I drove along at break-neck speed. The stretch of Mysore road near Bapujinagar sees the worst of the bus and lorry traffic with only a single lane on both sides available for buses and lorries to snake through. If you are on a two-wheeler you are either stressed with the narrow space available to you on the left where you have to deal with sudden and rough road edges, or you have a field time weaving in and out between the big vehicles, feeling almost like elves taking on Oliphaunts. From a nervous starter on a bike a month back I can say I strictly belong to the latter category now.

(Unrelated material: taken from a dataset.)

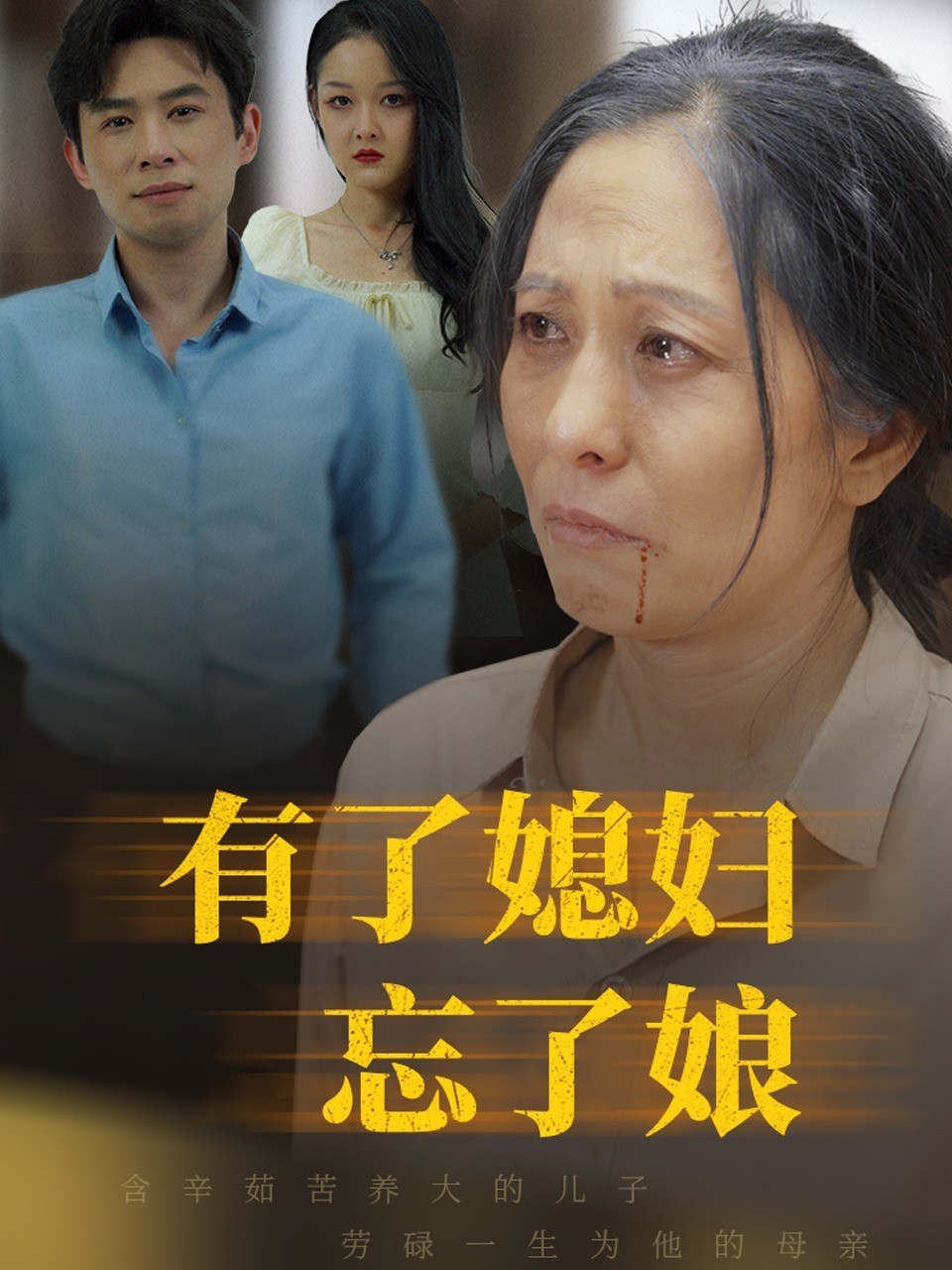 有了媳妇儿忘了娘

I stayed on the left for the most part, cutting past the buses and lorries while sidestepping the road edges by inches, before maneuvering to the right between a bus and a lorry, inviting angry honks from the cut off lorry. On the right there were more big ones from the opposite side- buses, lorries and tempo travellers trying to beat each other before the bottleneck of Bapujinagar. I stayed a narrow course on 3rd gear, at a steady 30 Kph between the big vehicles on both sides before the traffic from across tried to merge in. The speed went up as I noticed a narrow gap between a bus that was stopping, a Maruti omni that was turning right from the opposite direction and was waiting for me to pass and another lorry behind the bus which I figured would block the auto trying to make a quick left. The calculation was precise and I just made it in a narrow gap before I sped along to take on a bus climbing up the hill, along with scores of other two-wheelers, like a clan of hyenas trying to take down a fleeing elephant separated from its herd.

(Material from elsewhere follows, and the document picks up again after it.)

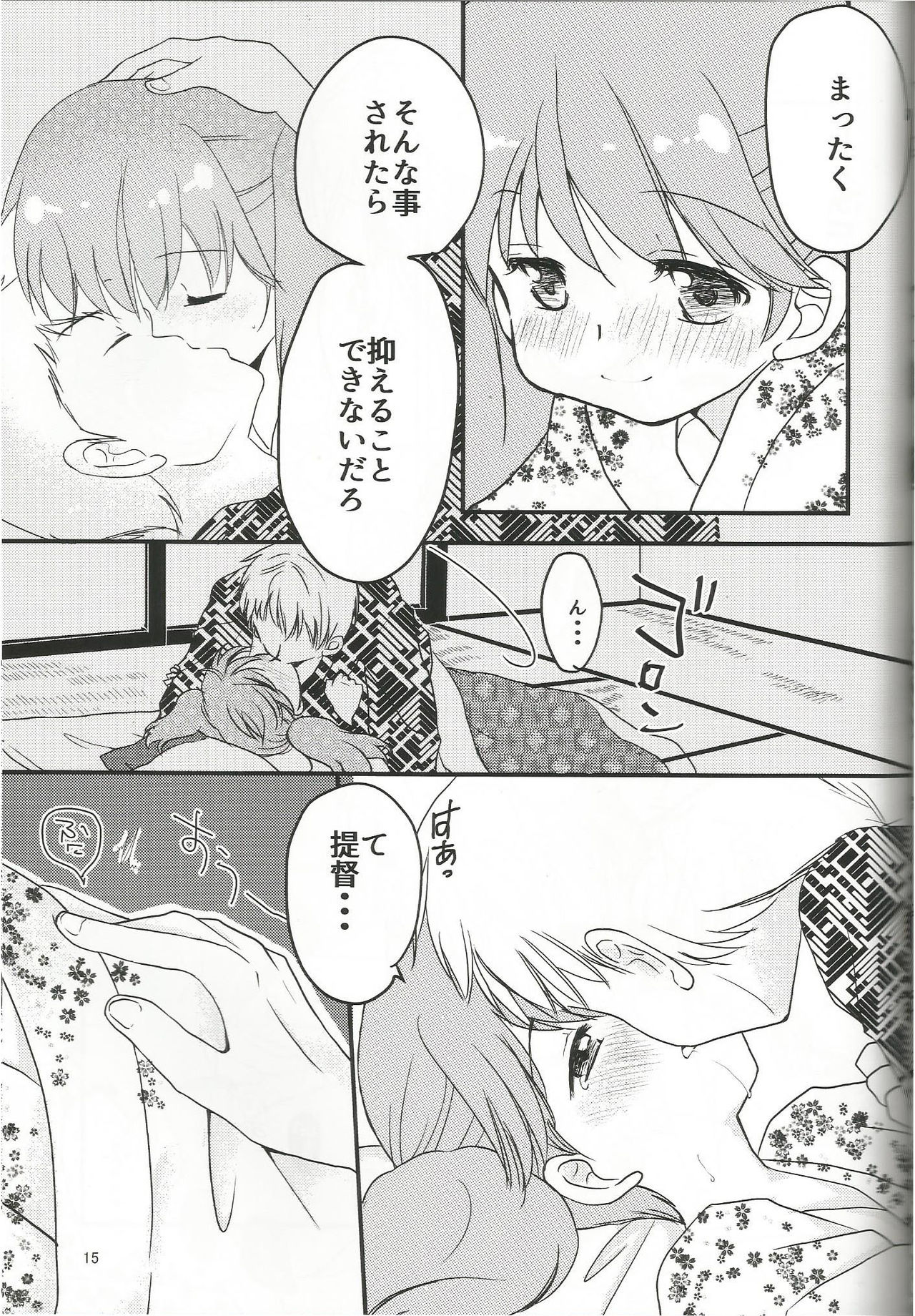 (C91) [天然同盟 (はるら)] あまい夢のはじまり。 (艦隊これくしょん -艦これ-)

The bus done, the road widened into a massive 4 lane stretch where there were more vehicles trying to climb up the hill. All of them were raced past before Guddadahalli was passed and the road narrowed again. This is the most treacherous part of Mysore Road where the traffic is also higher and moves along at a weird pace, faster than it normally does for that volume. Buses have stops on the left and tend to swerve left without notice, while on the left, there is a fall of at least a few inches at the edge of the road where you are likely to lose control if caught on the wrong foot.
I sped along. There was only one bus with a lone Activa on its left. I sped up to the bus and tried to take him from the right. The median was too close by. I moved to the left. The Activa had positioned himself right in the middle between the bus and the edge of the road. I honked. It was my right of way and no one was going to deny it. He did not budge. The bus and the Activa were going at the same pace, the Activa barely managing to stay on the road. I let out a long angry honk trying to induce him to speed up and overtake the bus. Still nothing. Forced to reduce speed I fell behind the Activa waiting for the road to widen before I could overtake.

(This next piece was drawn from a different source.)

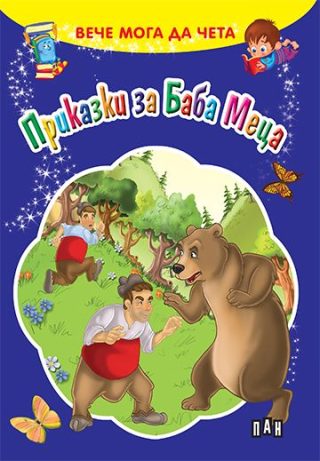 Вече мога да чета - Приказки за Баба Меца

The gear dropped to the 2nd and I felt myself losing it. An angry honk followed. I swore at the man inside my helmet. I kept on with sudden advances at the vehicle. There was nothing to go on. I imagined being next to the guy and kicking his Activa out of the way. These are the ones who are slowing Bangalore traffic. These are the kind of drivers that should be banned. You can only do that much to improve the traffic. The ultimate solution is to eliminate all slow driving. It sounded right.
And then, there was a gap. The man immediately moved to the left giving me way to pass. I sped in and as I passed, turned around to look at the man- the object of my utter fury. It was an elderly man, easily in his 60s. And instead of obstinacy all I could see on his face was a trace of fear. At having to be in such close quarters to an unruly bus with a 6 inch drop on his left.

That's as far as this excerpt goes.